Valorisations élevées
À l’instar des autres banques européennes, ING est en pleine période de transition. La banque a annoncé en 2015 la suppression de plusieurs milliers d’emplois et la fermeture de son réseau d’agences. "Toutes les banques doivent travailler sur les coûts, puisque leurs revenus sont sous pression. Il y a aussi les provisions. Pour le moment, on reste dans un scénario de ciel bleu, en tout cas sur le Benelux. Ici, les banques ont été plus strictes dans le fait d’accorder des prêts", note Christian Solé, Head of Financial chez Candriam.
Ce qui lui fait dire que les investisseurs payent actuellement des valorisations de haut de cycle, avec des risques sur les revenus et les provisions. "Nous sommes plutôt prudents sur les financières", confirme-t-il. En d’autres termes, le secteur des banques ET de l’assurance. Car les assureurs, en particulier ceux qui ont des portefeuilles d’assurance-vie, souffrent également des taux bas. Ainsi, la faiblesse de l’économie et des taux d’intérêt a pesé sur les primes d’Ageas, rendant difficile la vente de produits d’épargne garantie, compte tenu de la concurrence des offres alternatives et des faibles rendements. Le bénéfice net du segment Vie a ainsi reculé de 24% sur les neufs premiers mois de 2017.

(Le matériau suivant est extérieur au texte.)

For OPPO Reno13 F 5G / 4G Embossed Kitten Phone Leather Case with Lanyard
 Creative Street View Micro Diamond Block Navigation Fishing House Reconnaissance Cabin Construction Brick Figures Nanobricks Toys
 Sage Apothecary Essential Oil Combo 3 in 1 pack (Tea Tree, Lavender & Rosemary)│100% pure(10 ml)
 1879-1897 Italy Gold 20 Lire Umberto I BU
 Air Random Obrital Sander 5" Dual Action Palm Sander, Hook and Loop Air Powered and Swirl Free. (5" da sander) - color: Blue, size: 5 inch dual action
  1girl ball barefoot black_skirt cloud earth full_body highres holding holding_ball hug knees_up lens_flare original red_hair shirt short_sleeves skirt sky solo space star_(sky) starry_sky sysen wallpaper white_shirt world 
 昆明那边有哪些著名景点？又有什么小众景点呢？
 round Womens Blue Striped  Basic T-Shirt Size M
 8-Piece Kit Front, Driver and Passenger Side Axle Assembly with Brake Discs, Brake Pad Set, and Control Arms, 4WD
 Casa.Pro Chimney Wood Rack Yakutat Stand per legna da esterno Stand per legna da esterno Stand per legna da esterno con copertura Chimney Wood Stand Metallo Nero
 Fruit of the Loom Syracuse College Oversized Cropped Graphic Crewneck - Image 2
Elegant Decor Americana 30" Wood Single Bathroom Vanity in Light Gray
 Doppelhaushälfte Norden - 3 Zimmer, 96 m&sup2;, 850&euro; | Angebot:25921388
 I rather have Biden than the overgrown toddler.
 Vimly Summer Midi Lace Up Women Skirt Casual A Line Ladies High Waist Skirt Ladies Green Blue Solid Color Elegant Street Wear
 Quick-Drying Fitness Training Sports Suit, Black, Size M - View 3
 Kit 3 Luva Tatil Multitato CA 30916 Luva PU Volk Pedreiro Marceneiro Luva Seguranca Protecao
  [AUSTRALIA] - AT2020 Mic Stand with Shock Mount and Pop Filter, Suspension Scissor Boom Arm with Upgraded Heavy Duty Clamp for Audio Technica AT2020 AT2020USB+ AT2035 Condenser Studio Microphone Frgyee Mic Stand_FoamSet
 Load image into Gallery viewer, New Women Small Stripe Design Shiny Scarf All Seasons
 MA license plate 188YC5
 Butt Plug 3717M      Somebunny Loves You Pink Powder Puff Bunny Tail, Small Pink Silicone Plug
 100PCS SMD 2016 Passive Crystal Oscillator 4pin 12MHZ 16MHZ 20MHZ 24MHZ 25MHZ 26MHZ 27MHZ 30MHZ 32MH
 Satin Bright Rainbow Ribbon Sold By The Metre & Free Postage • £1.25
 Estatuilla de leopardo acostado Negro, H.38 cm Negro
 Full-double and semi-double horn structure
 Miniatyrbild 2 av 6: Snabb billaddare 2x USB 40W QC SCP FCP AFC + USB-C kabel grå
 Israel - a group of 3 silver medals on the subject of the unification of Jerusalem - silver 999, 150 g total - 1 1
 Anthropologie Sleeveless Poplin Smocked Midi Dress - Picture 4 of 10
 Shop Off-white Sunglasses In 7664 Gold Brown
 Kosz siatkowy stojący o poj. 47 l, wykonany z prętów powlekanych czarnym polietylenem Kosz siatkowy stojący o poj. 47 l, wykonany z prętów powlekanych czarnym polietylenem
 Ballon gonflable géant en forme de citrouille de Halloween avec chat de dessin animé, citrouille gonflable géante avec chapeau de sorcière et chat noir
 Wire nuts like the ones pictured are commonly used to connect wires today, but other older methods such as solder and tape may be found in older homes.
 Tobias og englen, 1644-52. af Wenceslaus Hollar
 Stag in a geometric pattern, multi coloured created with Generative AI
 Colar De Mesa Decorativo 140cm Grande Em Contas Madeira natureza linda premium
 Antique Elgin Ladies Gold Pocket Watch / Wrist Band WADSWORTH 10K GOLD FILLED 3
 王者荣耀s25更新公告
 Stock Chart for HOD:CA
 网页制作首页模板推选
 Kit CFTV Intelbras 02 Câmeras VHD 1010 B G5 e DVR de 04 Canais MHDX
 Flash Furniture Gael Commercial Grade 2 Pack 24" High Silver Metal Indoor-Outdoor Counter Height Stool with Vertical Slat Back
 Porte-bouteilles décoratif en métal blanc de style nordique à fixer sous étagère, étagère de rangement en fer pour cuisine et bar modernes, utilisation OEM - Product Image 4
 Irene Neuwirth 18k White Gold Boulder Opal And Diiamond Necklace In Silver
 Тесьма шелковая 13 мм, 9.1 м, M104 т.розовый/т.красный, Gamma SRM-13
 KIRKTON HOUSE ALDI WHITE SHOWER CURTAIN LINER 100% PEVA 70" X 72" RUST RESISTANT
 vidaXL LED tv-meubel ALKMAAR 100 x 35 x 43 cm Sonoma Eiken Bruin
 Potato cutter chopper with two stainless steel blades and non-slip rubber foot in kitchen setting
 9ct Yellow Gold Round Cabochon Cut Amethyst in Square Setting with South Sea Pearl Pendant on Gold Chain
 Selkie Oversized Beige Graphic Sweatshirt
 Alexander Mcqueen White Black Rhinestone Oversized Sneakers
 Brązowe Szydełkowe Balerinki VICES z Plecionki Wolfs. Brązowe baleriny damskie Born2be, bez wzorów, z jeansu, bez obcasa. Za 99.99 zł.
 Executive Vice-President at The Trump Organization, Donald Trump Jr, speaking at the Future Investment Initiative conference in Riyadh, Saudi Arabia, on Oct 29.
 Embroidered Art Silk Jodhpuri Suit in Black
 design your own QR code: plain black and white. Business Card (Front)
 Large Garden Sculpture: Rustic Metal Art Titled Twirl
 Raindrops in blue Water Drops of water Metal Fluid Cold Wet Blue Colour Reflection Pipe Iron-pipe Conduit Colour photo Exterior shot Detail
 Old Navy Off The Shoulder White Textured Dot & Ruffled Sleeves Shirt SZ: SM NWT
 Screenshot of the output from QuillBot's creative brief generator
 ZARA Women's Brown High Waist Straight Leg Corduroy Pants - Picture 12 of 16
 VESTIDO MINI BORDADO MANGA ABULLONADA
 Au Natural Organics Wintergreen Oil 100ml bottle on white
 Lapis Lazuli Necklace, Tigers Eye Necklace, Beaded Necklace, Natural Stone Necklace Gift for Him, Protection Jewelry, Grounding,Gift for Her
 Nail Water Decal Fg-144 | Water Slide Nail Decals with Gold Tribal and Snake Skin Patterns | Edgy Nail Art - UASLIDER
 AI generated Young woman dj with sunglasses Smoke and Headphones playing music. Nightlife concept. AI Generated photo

On notera cependant une plus forte résilience du secteur de l’assurance en Bourse. Celui-ci a progressé de 14,32% depuis la crise de 2008. Une surperformance par rapport aux banques qu’Arnaud Delaunay, analyste chez Leleux Associated Brokers, explique par une meilleure "flexibilité". "Les assureurs ont les mêmes problématiques que le secteur bancaire, mais ils sont plus flexibles sur les contrats d’assurance court terme (automobile, habitation). (…) Au niveau de la réglementation, l’assurance a également été moins touchée que le secteur bancaire". Mais au final, cette surperformance a entraîné une hausse des valorisations qui rend les analystes frileux.